More precisely, when analysing texts written by humans, it is necessary to agree on the meaning of these texts based on what the human meant. Automatic verbatim analysis therefore needs to have a reference on which it can base its analysis to understand the text. To build this language reference, the simplest way is to ask humans what they have understood.
The task being complicated and the texts being sometimes very long, the researchers needed a means of questioning many readers simply. This need explains the growing use of Amazon’s Mechanical Turk, a platform that connects a “Requester” with a “Turk” who will perform many small repetitive tasks. The Turk receives a small remuneration for each task they complete allowing the Requester to accomplish a large number of tasks at a reasonable cost.
On a side note, the name Turk Mechanic is a reference to a seemingly human robot created in the XVIII century who was supposed to be able to beat a human at chess… but it was later revealed that there was a person inside the machine who moved the arms of the supposed robot. The image of the Turk Mechanic has remained and even gave its name to this system that is seemingly automatic but is in fact manual.

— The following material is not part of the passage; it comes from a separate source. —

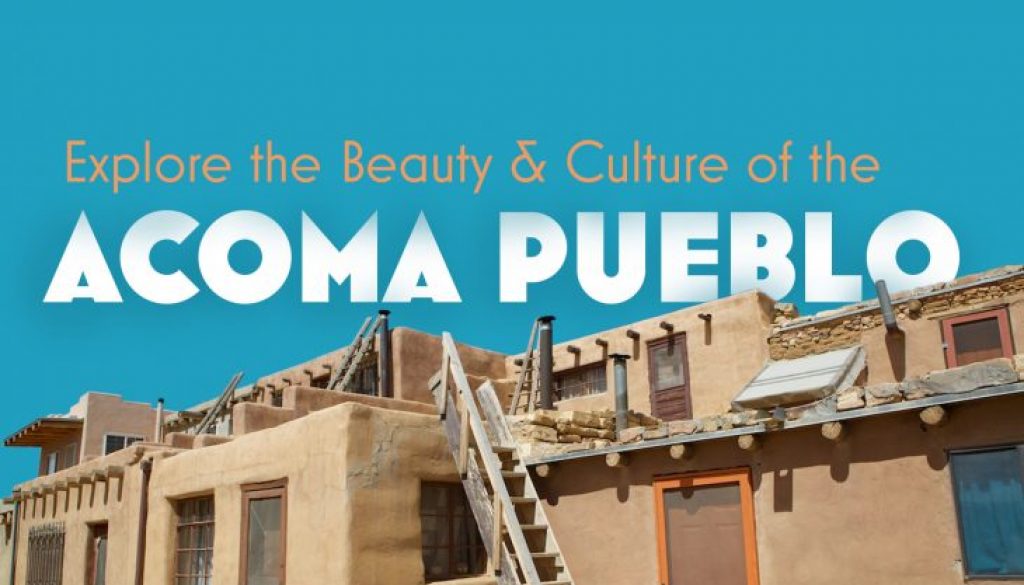 Explore the Beauty and Culture of the Acoma Pueblo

However, the enormous success of the Amazon Turk Mechanic (AMT) created a certain number of questions for the research team. They presented their findings at the TALN 2011 conference, “A Turkish Mechanic for linguistic resources: Criticism of the myriadization of fragmented labour.”
The authors first showed that the use of Turkish Mechanics poses significant legal problems, notably in France where paid work on small tasks is prohibited. It also poses ethical problems, both because the remuneration is so low, and the fact that the tasks are often so repetitive. According to surveys, between 20% and 30% of Turks are located in India and using it as a full time occupation. Therefore, the system forces a division of labour based on the relocation of repetitive and low-paying tasks.
Secondly, in addition to these legal and ethical problems, there is the question of the usefulness of this approach. Native speakers of French are rare, and are therefore more expensive. Translating a need into small tasks that can be performed by non-experts is often difficult and costly – or even impossible! Finally, pay-for-work does not encourage quality work, but rather encourages the person to complete the task as quickly as possible.
At this stage, we are forced to say that this solution is not as practical as it may seem and that we should consider alternatives … which fortunately, do exist. First, existing resources can be cleverly re-used and several international projects have been designed as such:
- Wikipedia provides extensive information on vocabulary and proper nouns
- Wordnet is a lexical database project designed by linguists
- Freebase is a kind of Wikipedia for semantic web engineers
The good news is that the machine also has its own solutions. In artificial intelligence, there are systems capable of learning automatically from examples: semi-supervised learning. We no longer need to annotate all the documents at start-up, but only a small part, which can be managed with a great deal of care and precision. The production process at Proxem can be extremely efficient and fast, in addition to being able to operate day and night. In a future article, we will show you in more detail how such feats are possible.
Sagot, B., Fort, K., Adda, G., Mariani, J., & Lang, B. (2011). Un turc mécanique pour les ressources linguistiques : critique de la myriadisation du travail parcellisé. TALN’2011.